Babies like to puke up a lot of the food you so carefully funnel into their little gullets. Prime targets for said puke are the third shirt you’ve put on that day, and your newly cleaned couch.

To avoid both scenarios, use my patented 2-step Puke Luge™ solution. First, don’t burp the baby over your shoulder rather, hold the baby upright on your lap, holding a burp cloth beneath her little chinny-chin-chin (fig. A). Then, place the other end of the burp cloth on a pillow next to you (fig. B). This creates the luge track on which your baby’s puke will be safely corralled, shirts and furniture left unsoiled.Puke Luge

The Baby Straightjacket

Babies like to claw the crap out of their faces, making you look like the Freddy Kruger of parents. Not great. Your options for resolving this are: those baby mittens that stay on for roughly the amount of time it takes a mouse to sneeze; cutting your baby’s nails, which will definitely result in lopping off some of your baby’s finger; or the baby straightjacket (also known as swaddling).

The baby straightjacket is the clear winner, in my opinion. If you can get a nurse to teach you, that’s best (those people do not mess), if not, the Mayo Clinic has some pretty pictures to show you.

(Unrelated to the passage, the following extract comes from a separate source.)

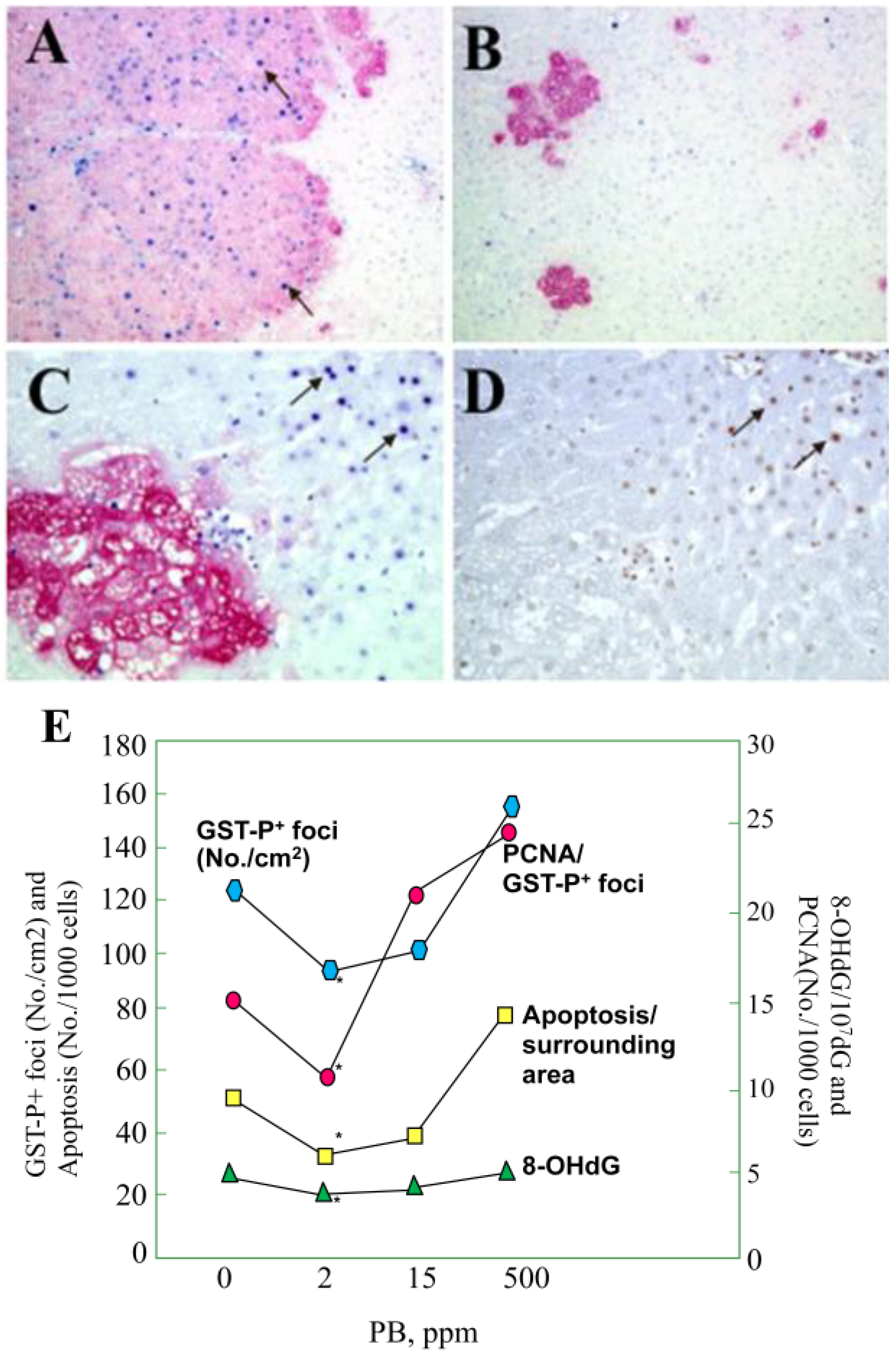 Cancers 05 01332 g002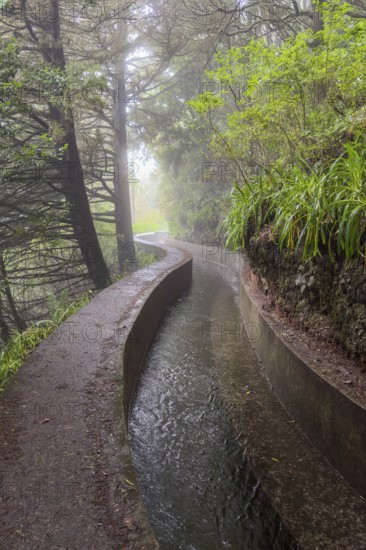 PR17 Pinaculo e Folhadal hiking trail, Levada, Irrigation Canal, Madeira, Portugal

Hold on to Those Maternity Clothes

Again, if your baby is grown in your very own body, immediately following birth you’ll be like, “Ohmigosh I’m so skinny!” Then you’ll see a mirror and you’ll be like, “Sixth month of pregnancy redux? What the heck?”

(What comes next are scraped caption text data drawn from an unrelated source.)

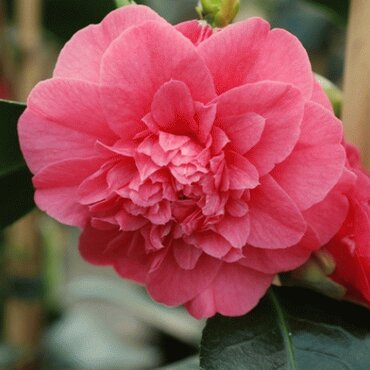 Camellia classique Chandlery Elegans 8 Litre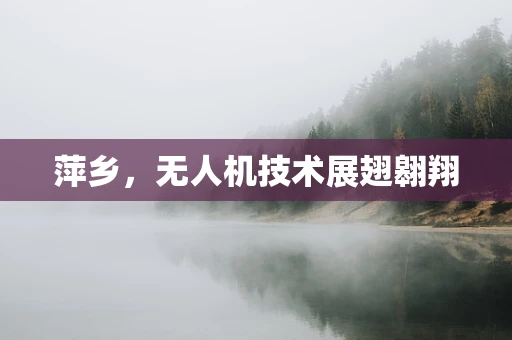萍乡，无人机技术展翅翱翔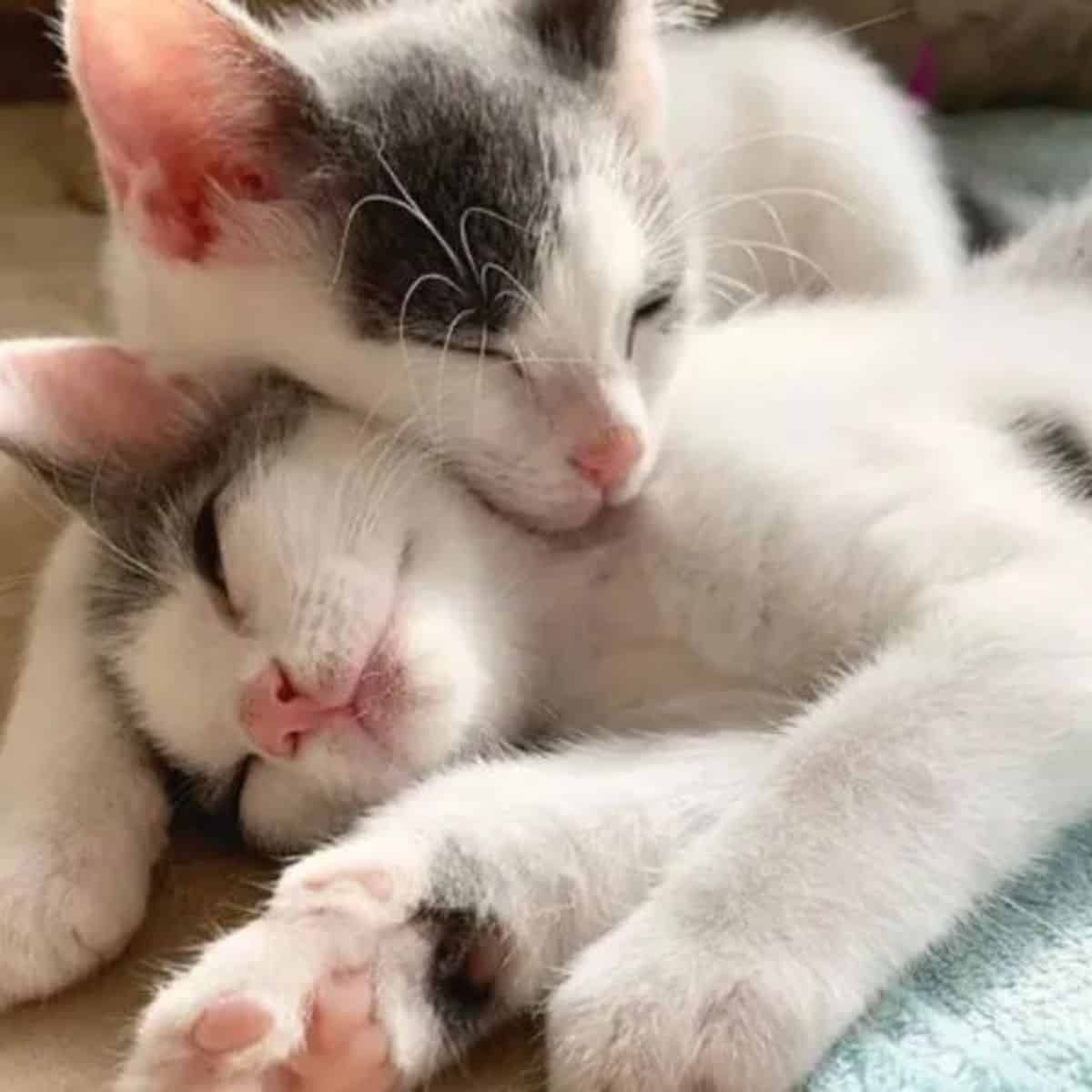 two kittens cuddling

Yes, that’s the dill, Pickle. You’re just gonna have to be okay with it.

If It Seems Weird, Maybe it IS Weird

Babies do all kinds of weird crap, but some of it is normal weird, and some is weird weird. As a new parent, you totally won’t know the difference. (Awesome!)

If something seems weird, check it out. Don’t worry about seeming like an ignorant, overprotective wacko of a parent. You probably are, but don’t worry about it. Most doctor’s offices have a nurse that you can talk to on the phone before racing to the emergency room. Also, Google is pretty good at giving you a little pre-info.

Embracing the I-don’t-know-but-it-seems-weird mantra probably saved my kid’s life, so I’m a fan. (All the credit for that goes to my husband. He’s a better person than I am. (Why am I left alone with the kids again?))

Sub-point: Watch out for Internet Weirdos

Google is great for doing a quick WTF check on lots of stuff. The Mayo Clinic and WebMD are pretty solid resources. However, the internet is chock-full of weirdos because there’s no test you have to pass to spew opinions all over our shared info web. So when you search for “gassy baby,” you’ll inevitably find the person that says, “I gave my baby an enema with a straw and a diet coke.” No thanks, moonbeamdaddy43. We’re gonna pass on that.

Have I left something unaddressed? Well ask away! I’m an internet weirdo with an entire website all to myself, so clearly I’m qualified.